Der erste Roman von Tom Liehr, der nicht aus der Ich-Perspektive erzählt ist und kurz hatte ich das Gefühl einen anderen Autor zu lesen.
Dann war es aber wieder alles da: Die feinen Nuancen, die Infos, die heimlich durch die Hintertür reinschlüpfen, die kleinen Details, die unsere Zeit und unser Leben kommentieren.
Ein typischer Kommentar, den ich von Freunden bekomme, die ich mit einem Liehr beschenke, ist: Es passiert eigentlich die ganze Zeit nichts, aber ich konnte es trotzdem nicht aus der Hand legen.
Das stimmt einerseits gar nicht, andererseits schon, auch hier Freitags bei Paolo: Das erste Kapitel liest sich wie ein Prolog und endet dort, wo ein Liebesroman typischerweise endet: Sie kriegen sich.
Der Rest des ersten Teils erzählt danach von nicht weniger als den ersten 1000 Freitagen eines Traumpaars.
Das klingt in unserer heutigen Zeit der Superlative lapidar, ist es aber nicht: Gemeint ist hier wirklich die eine große Liebe des Lebens in ihrer Perfektion. Clemens und Marie sind diese eine unglaubliche, große - nie kitschige - Liebe und wir begleiten sie tatsächlich durch die ersten 20 Jahre ihrer Beziehung. Ich kann mich nicht daran erinnern, etwas vergleichbares gelesen zu haben.
Das muss doch langweilig sein, ist eine typische Reaktion, wenn ich von diesem Buch erzähle.
Sicher: Wer einen vordergründig konfliktreichen Roman lesen möchte, ist hier falsch.
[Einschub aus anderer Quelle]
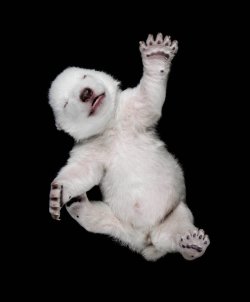 bears-addict:  One month old polar bear cub. Cubs are born between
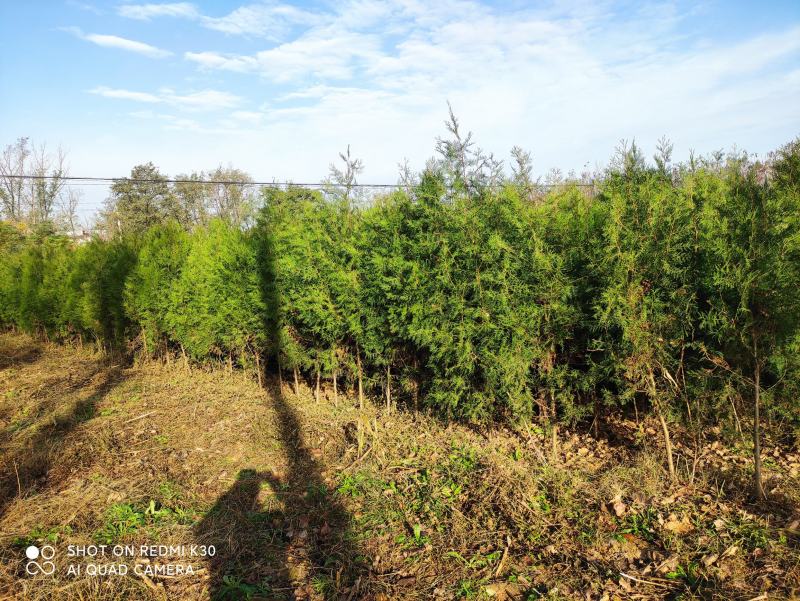 精品侧柏苗80公分-3米高度，不烧枝，不糊涂腿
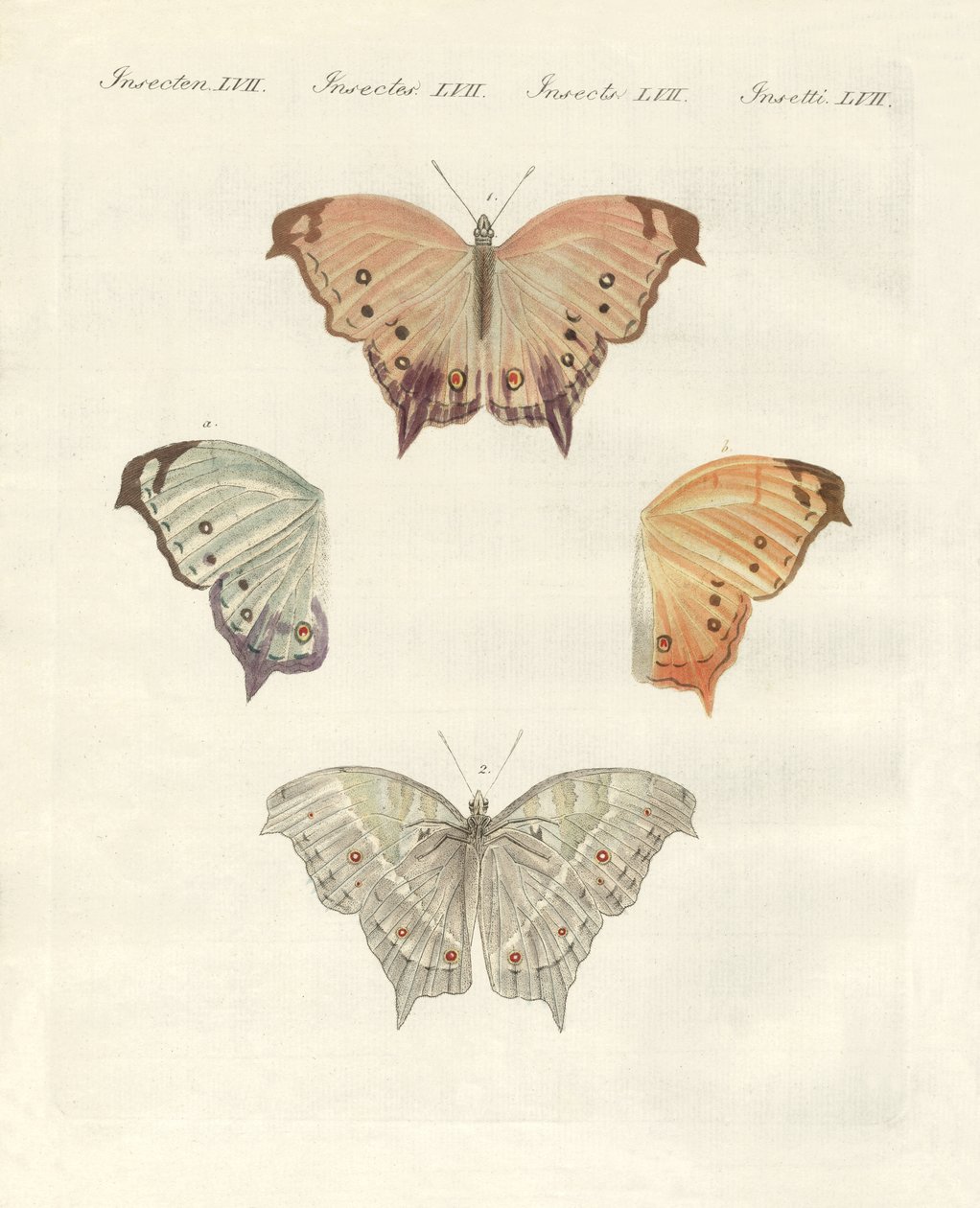 Borboletas raras (gravura colorida) de German School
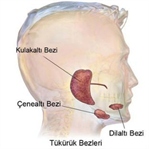 Ağız kuruluğu nedir? Sebepleri, tedavisi nelerdir?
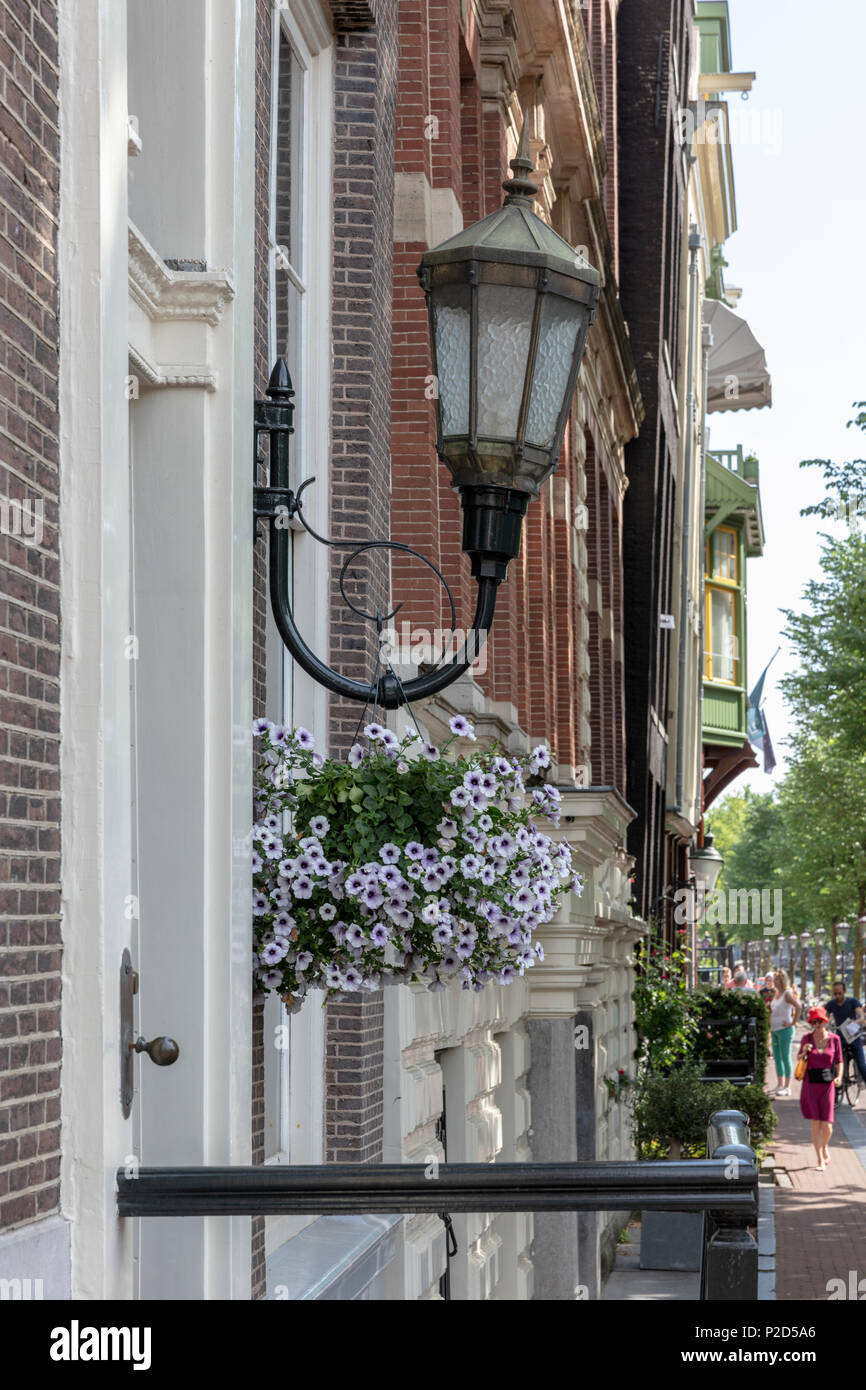 Pansies in flower pot hanging from lantern on canal house on Herengracht, Amsterdam Stock Photo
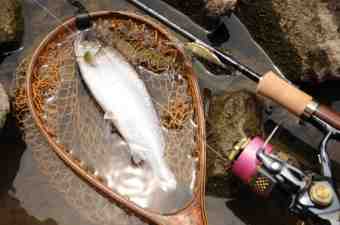 ¤Þ¤º¤Þ¤º¤µ¤¤¤º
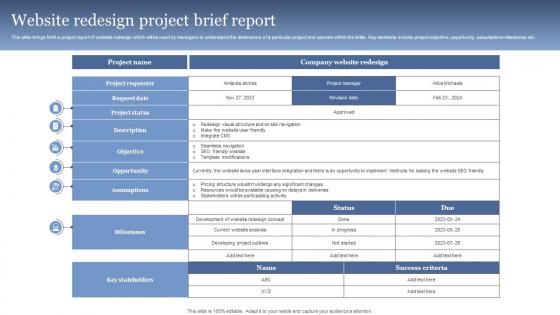 Website Redesign Project Brief Report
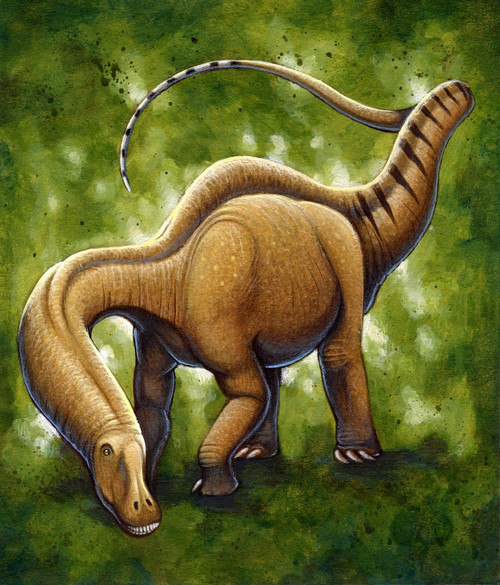 Apatosaurus, a sauropod dinosaur that lived during the Jurassic Period. Acrylics and colored pencil. Poster Print - Item # VARPSTHKY100013P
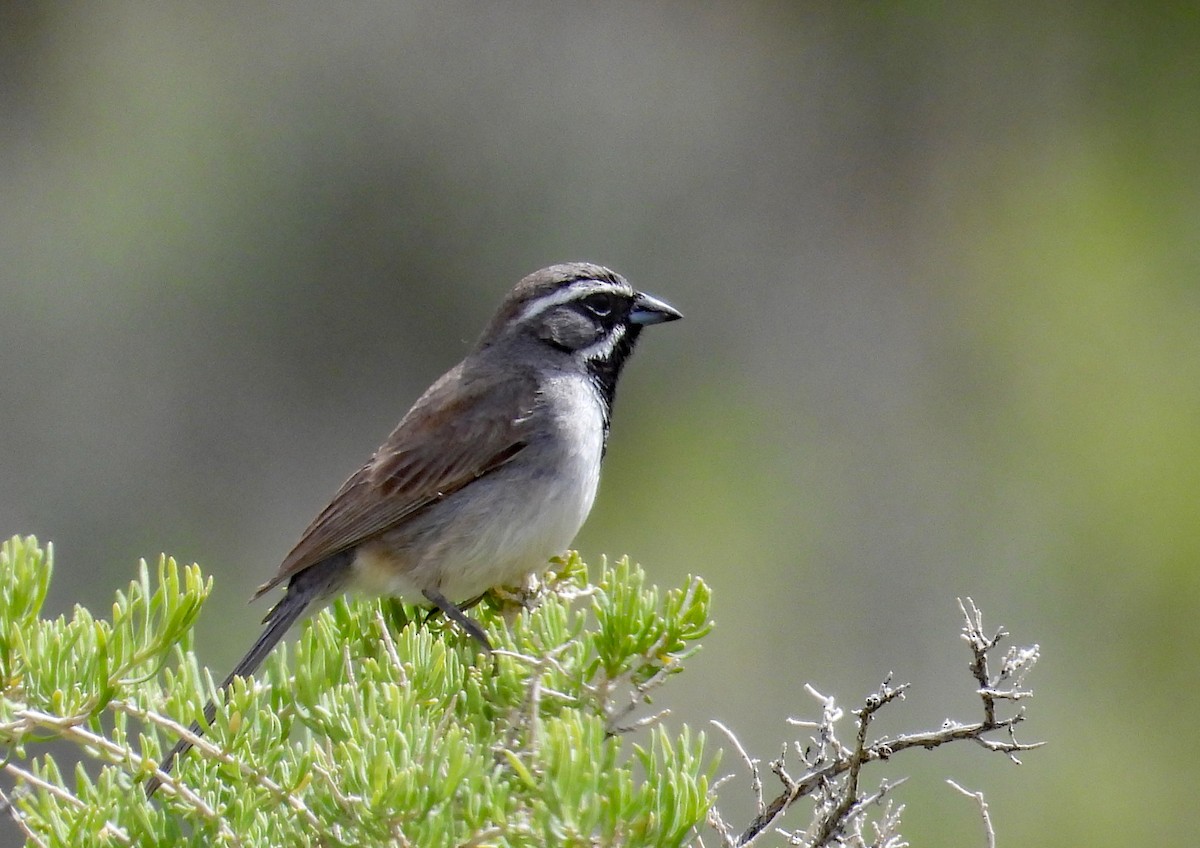 Black-throated Sparrow - ML619632256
Aber Nein: Dieses Buch ist alles andere als langweilig. Nicht nur, weil ein Roman von Tom Liehr - zumindest für mich - ohnehin alleine durch seine Erzählkunst bereits trägt. Und durchaus unterhält mit vielen beiläufigen Kommentaren auf aktuelle Gesellschaftsthemen: Häufig humorvoll, häufig bissig, häufig beides.
Aber dieser Roman kommt für mich vor allem daher wie ein Schleichmörder, mit seinen zunehmend bohrenden Fragen:
Wie geht man mit Chancen um, die einem im Leben begegnen und wie schafft man neue Chancen? Was ist einem wirklich wichtig?
Im Vordergrund von 'Freitags bei Paolo' steht dabei die eine wichtige aller Chancen: Die Liebe.
Sie wird in verschiedenen Beziehungen gespiegelt mit einer Spannbreite vom Traumpaar Clemens und Marie, bis zu einer äußerst toxischen Beziehung, die im Off passiert. Oder auch einem Menschen, der sich gegen die Abhängigkeit einer Beziehung entscheidet.
Ich habe Clemens und Marie und die vielen anderen Charaktere sehr gerne durch diesen Roman begleitet.